In the copy, keep every record exact and leave out all images.
::: Data excerpts
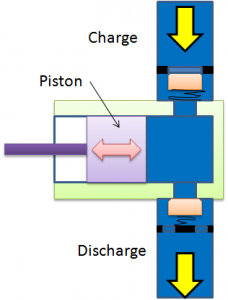 ReciprocatingPumpPrinciple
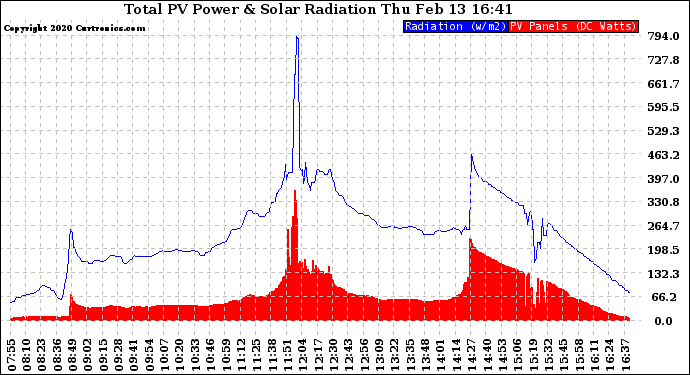 Solar PV/Inverter Performance Total PV Panel Power Output & Solar Radiation
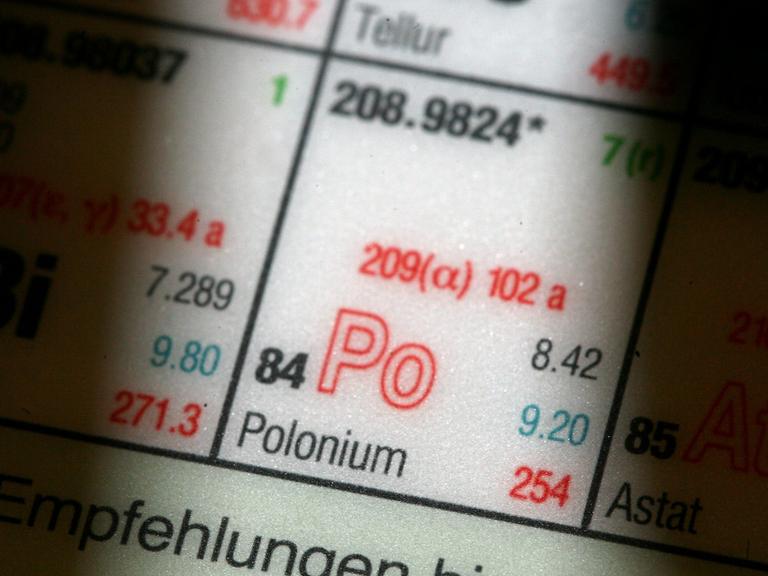 Das Element Polonium im Periodensystem.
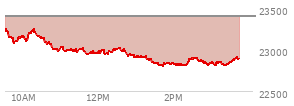 At 01:41 PM EST, the Nasdaq last traded at 22812.533,  down 593.924 points or -2.54%, which is 451.73 points below the open, 14.73 points above the low of the day, and 451.73 points below the high of the day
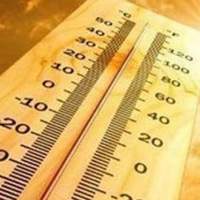 High temperature in hyderabad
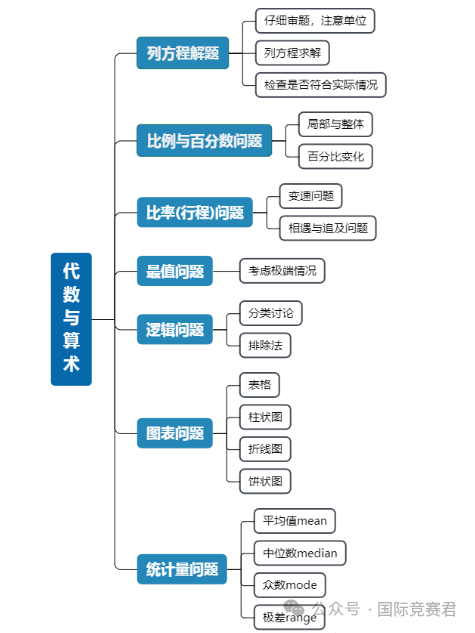 AMC8数学竞赛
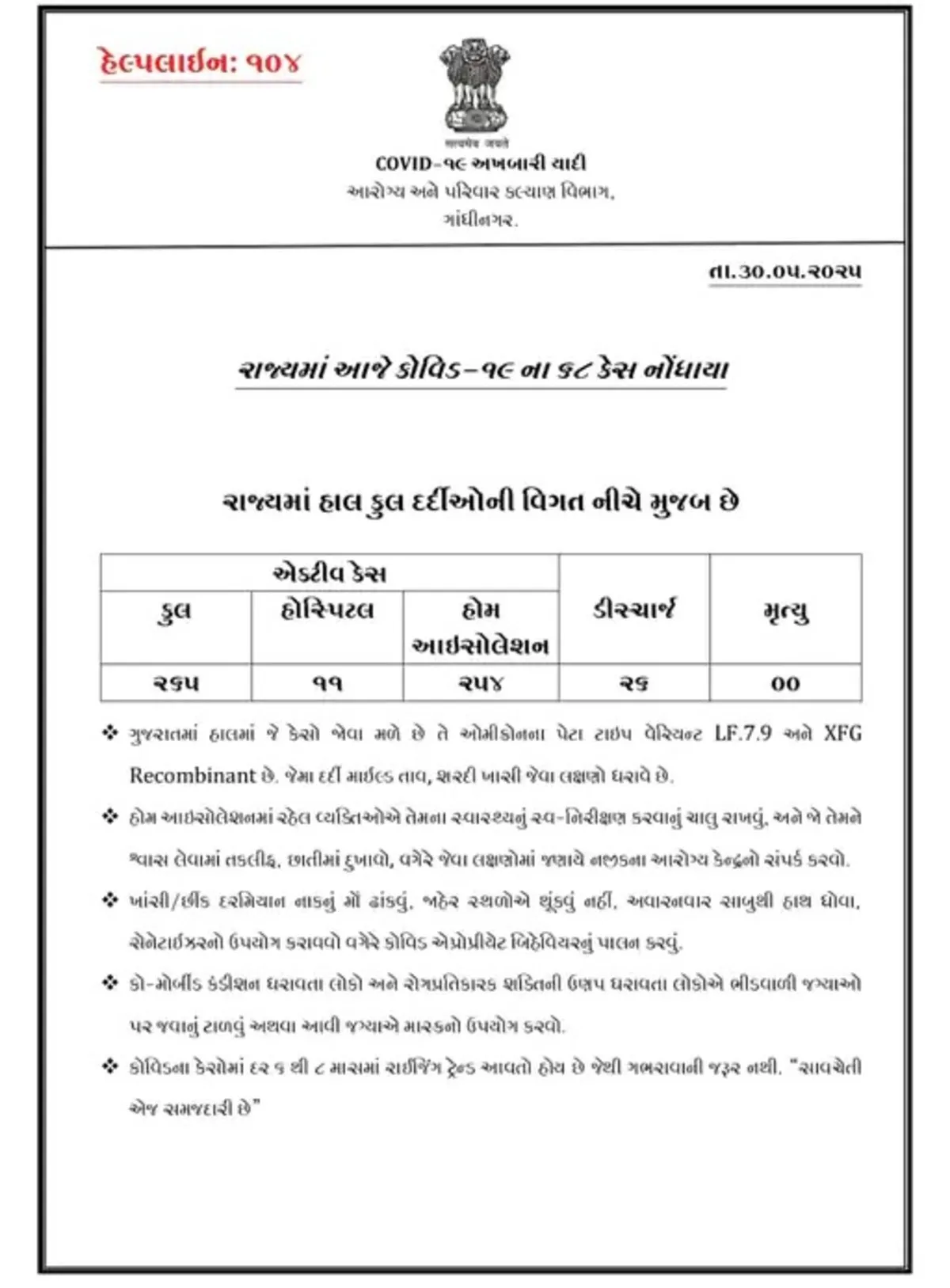COVID-19 updates Gujarat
::::::
## [Task response]
 ReciprocatingPumpPrinciple
 Solar PV/Inverter Performance Total PV Panel Power Output & Solar Radiation
 Das Element Polonium im Periodensystem.
 At 01:41 PM EST, the Nasdaq last traded at 22812.533,  down 593.924 points or -2.54%, which is 451.73 points below the open, 14.73 points above the low of the day, and 451.73 points below the high of the day
 High temperature in hyderabad
 AMC8数学竞赛
COVID-19 updates Gujarat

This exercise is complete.